Глубинная страсть Михаэля — это политика. Социалист, он видит борьбу между трудом и деньгами — но не борьбу за деньги: это был бы марксизм, «доктрина денег и животов», где «человек рассматривается как машина». В этом Геббельс предвосхищает романтизм «новых левых», их неприязнь к отчужденному труду и отчужденной культуре. И это не единственный современный мотив у романиста времен Веймарской республики. Михаэль замечает: «Во мне поднимается крестьянская кровь», — как многие феминистки и защитники природы, он отождествляет социальное спасение с возобновлением связи с природой. Хотя конкретные роли, которые Михаэль отводит женскому полу, сегодня вызвали бы разногласия, но, как и современные радикальные феминистки, он постулирует фундаментальную дихотомию мужского и женского восприятия.
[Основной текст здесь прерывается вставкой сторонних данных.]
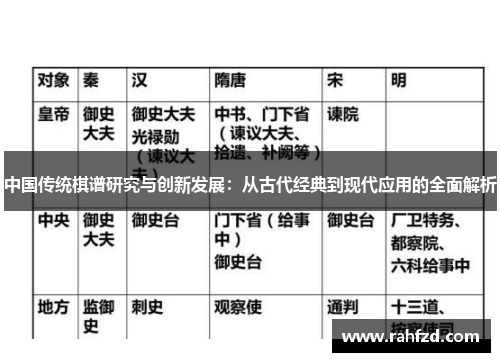 中国传统棋谱研究与创新发展：从古代经典到现代应用的全面解析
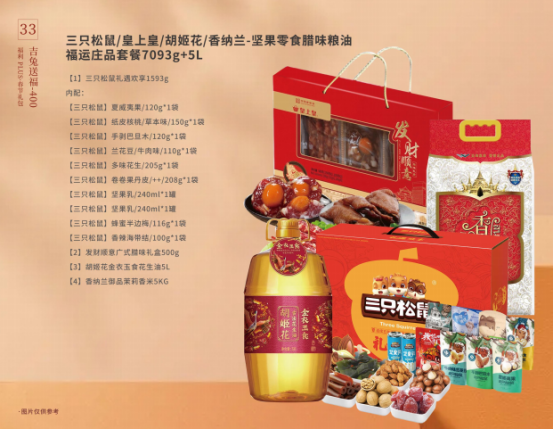 2023春节员工福利方案重磅上线——福利PLUS春节礼包开售！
Но прежде всего Михаэль выведен как человек своего времени — и нашего времени — в том, как он утверждает центральную роль труда, главной отличительной черты человека. «Труд приносит свободу», — не единожды произносит он. Сам Михаэль достигает спасения, жертвуя всем и погибая в конце концов в руднике. Трудясь в поте лица в чреве Матери — Сырой земли, он понимает глубинные истины, недоступные рациональному восприятию: «Дом! Земля! Мать!». Его социализм — это принесение себя в жертву ради своего народа: «Мы, современные немцы, похожи на социалистов Христа». «Труд есть война!» — восторженно добавляет Михаэль; это призыв к величию.
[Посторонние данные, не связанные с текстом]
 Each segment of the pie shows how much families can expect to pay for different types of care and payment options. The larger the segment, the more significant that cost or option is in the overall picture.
Для современного читателя почти намеренно банальный словарь Геббельса — вызов даже больший, чем бесцветный сюжет. Кажется, что Геббельс специально выбирает самые затертые фразы — «белый, как снег», «тяжкое бремя труда» — как будто мало вложенной в уста Михаэля напыщенной безвкусицы («Искусство — это не только способности, это еще и борьба»), которую невозможно принять всерьез. (Точно так же некоторые абзацы, по современным стандартам доказуемо антисемитские, надо понимать как дурно выбранные метафоры и как дань предрассудкам своего времени — подобно аналогичным вульгарностям, высказанным Марксом за 70 или 80 лет до того. Геббельс, как и Маркс — человек своего времени и своего места. Как и все мы.)
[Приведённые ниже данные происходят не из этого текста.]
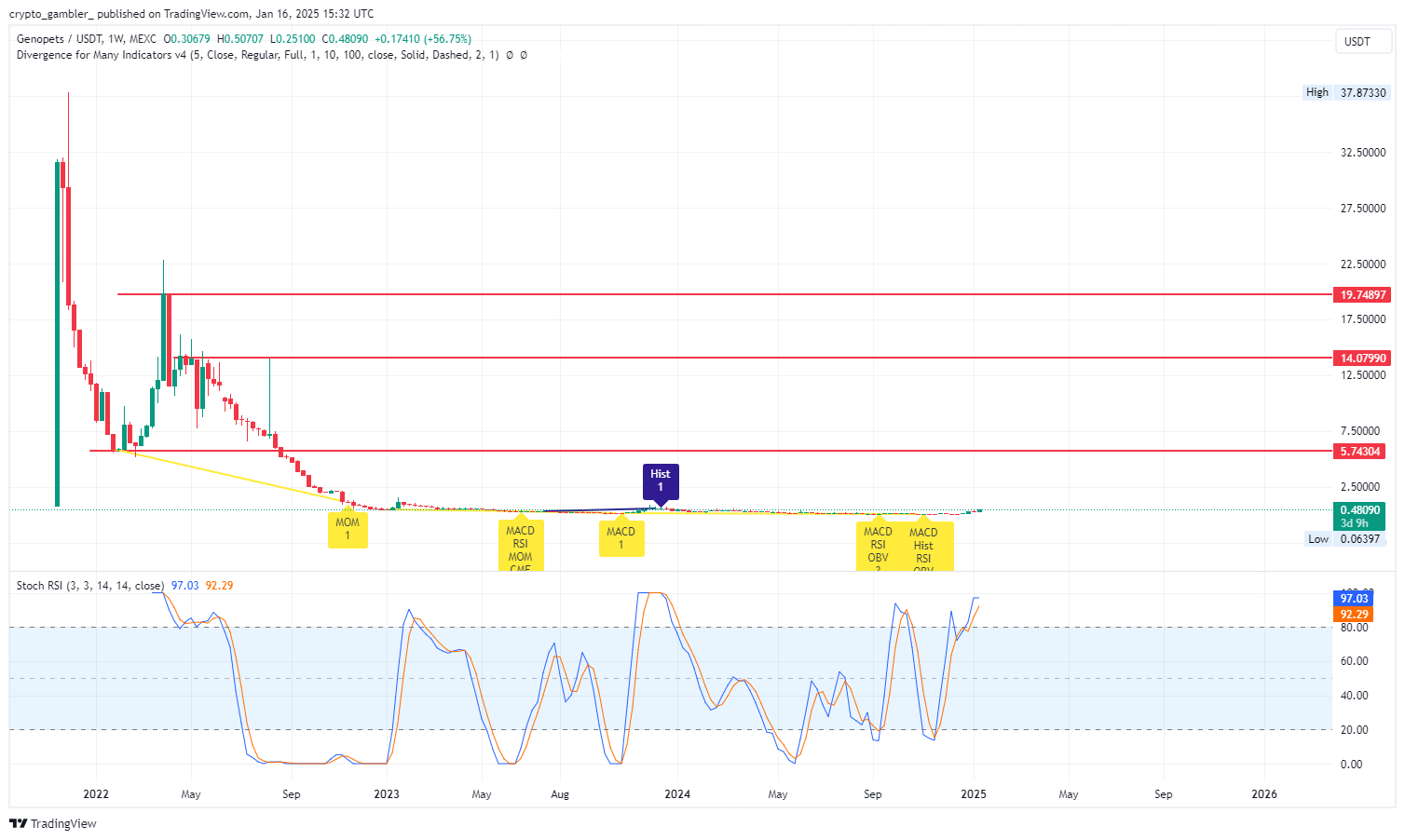 MEXC:GENEUSDT Chart Image by crypto_gambler_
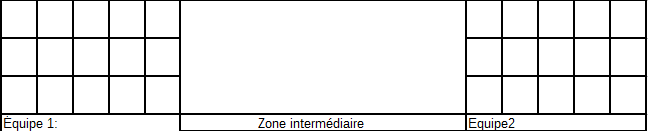 Event peut être interne 816538Terrain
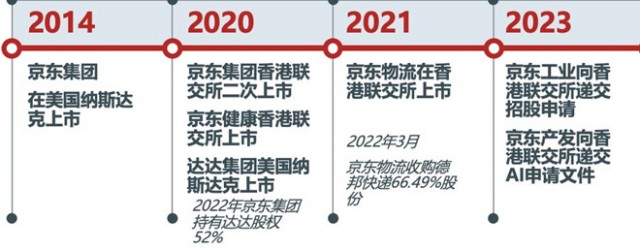 京东20年，全业务布局 上市矩阵有望达7家 第1张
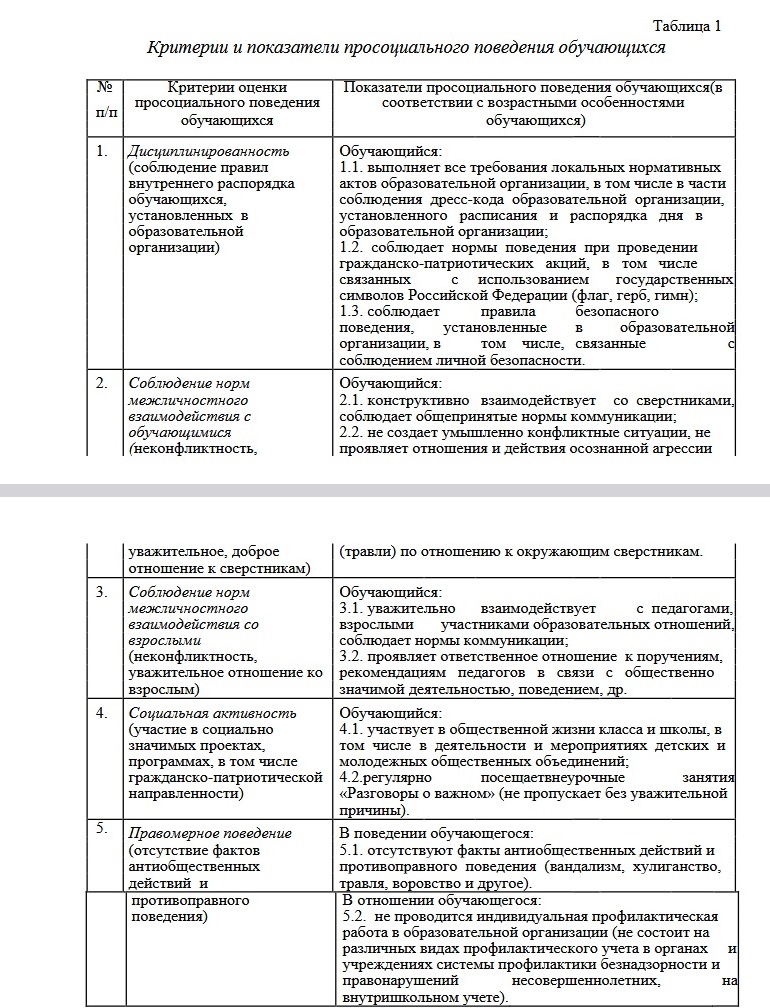 оценка поведения2.jpg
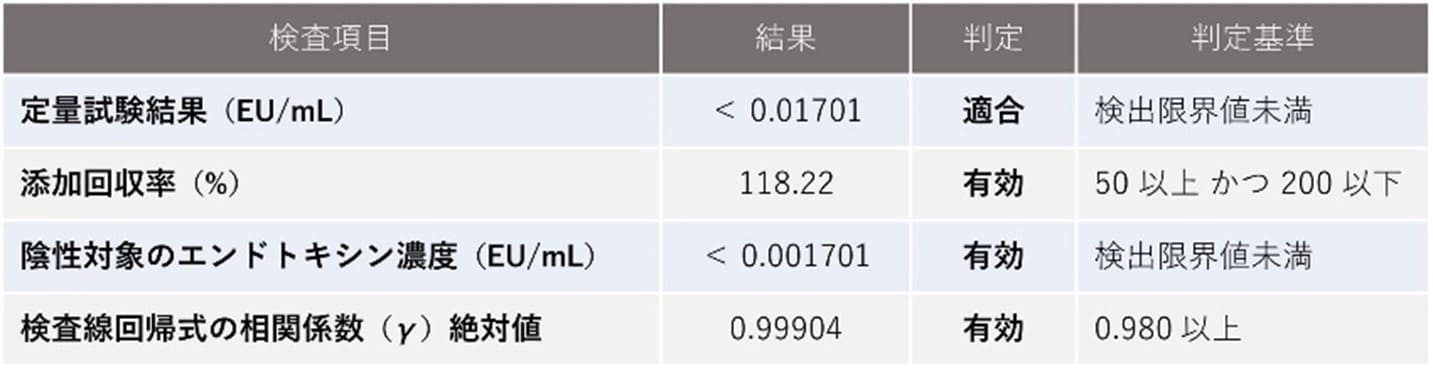 エンドトキシン確認試験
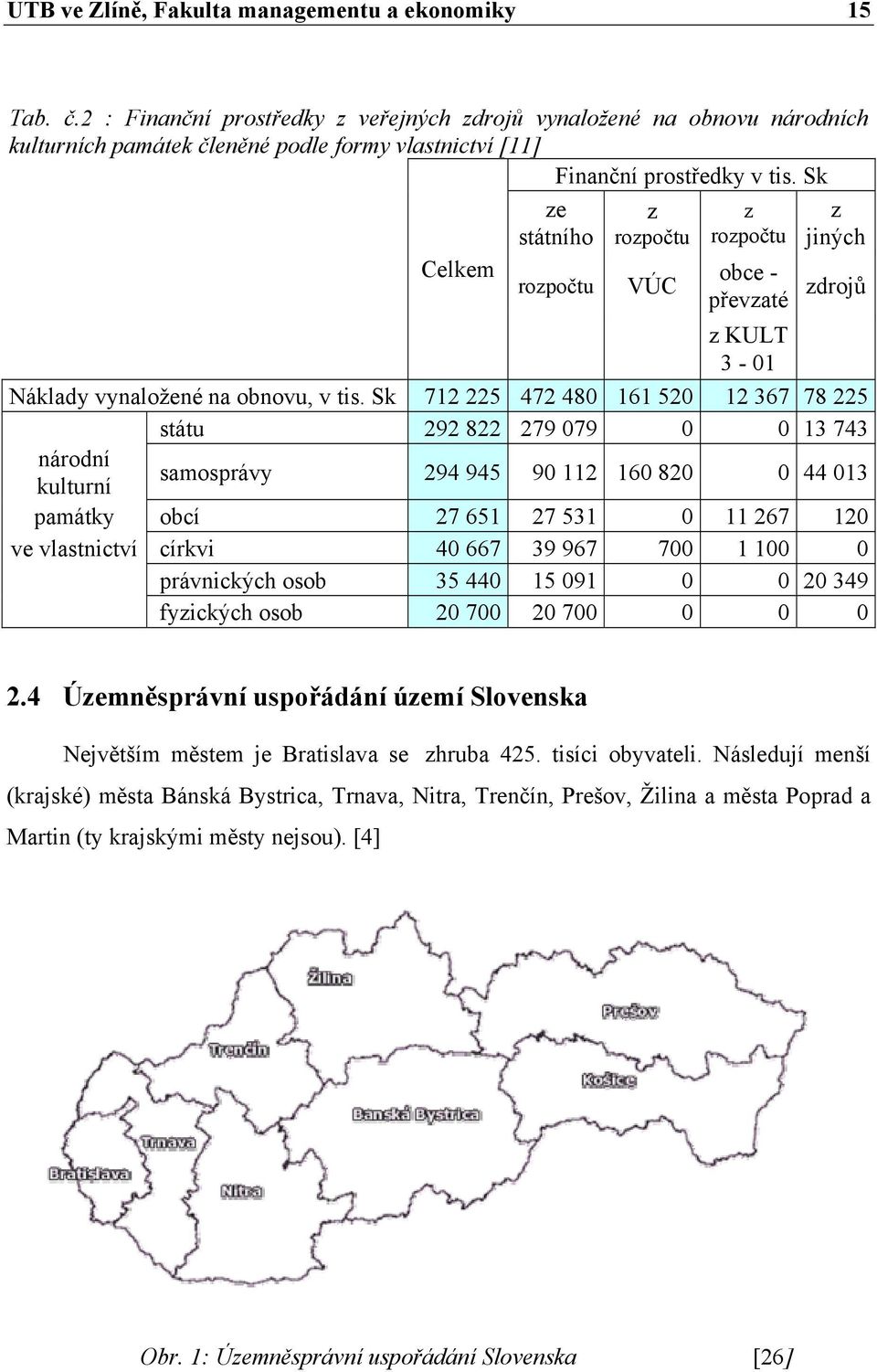 Sk Celkem ze státního rozpočtu z rozpočtu VÚC z rozpočtu z jiných obce - převzaté zdrojů z KULT 3-01 Náklady vynaložené na obnovu, v tis.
Но это не случайная неуклюжесть, это зарождающееся искусство. Геббельс сознательно избегает любой свежести, оригинальности в метафорах и сравнениях. Его цель — на загадывать загадки для космополитов, а побуждать к действию обычного человека. Как полагает Михаэль, «стиль-это все!» Геббельс, несмотря на неоспоримую литературную посредственность, говорит языком масс — языком коротких рубленых предложений, еще более коротких словосочетаний, обычно усиленных барочной пунктуацией, и приукрашенных общих мест. В самом начале Михаэль жалуется: «Мы, немцы, слишком много думаем». Геббельс предлагает решение этой проблемы: или действительно популярный, или просто популистский дискурс, занимающий, как современные бестселлеры и видеоклипы, место на самом верху низовой культуры.
И в самом деле, спустя 70 лет Геббельс кажется современным не столько из-за того, что он говорит (хотя он и озвучивает многие современные темы), сколько из-за того, как он это говорит. Он — человек для масс-медиа, его роман не влезает в смирительную рубашку печатной книги. Чутье Геббельса требует света, музыки, публичного зрелища. Вскоре, с приходом кино, радио и телевидения, для его целей появятся средства. Беспомощные в качестве литературы, образы и клише, движущие роман «Михаэль», могли бы оказать глубочайшее действие на газеты, журналы, кино, радио, на весь аппарат современной индустрии сознания. Имей он в руках современные кинематические и вещательные технологии, кто знает, чего бы Геббельс мог достичь?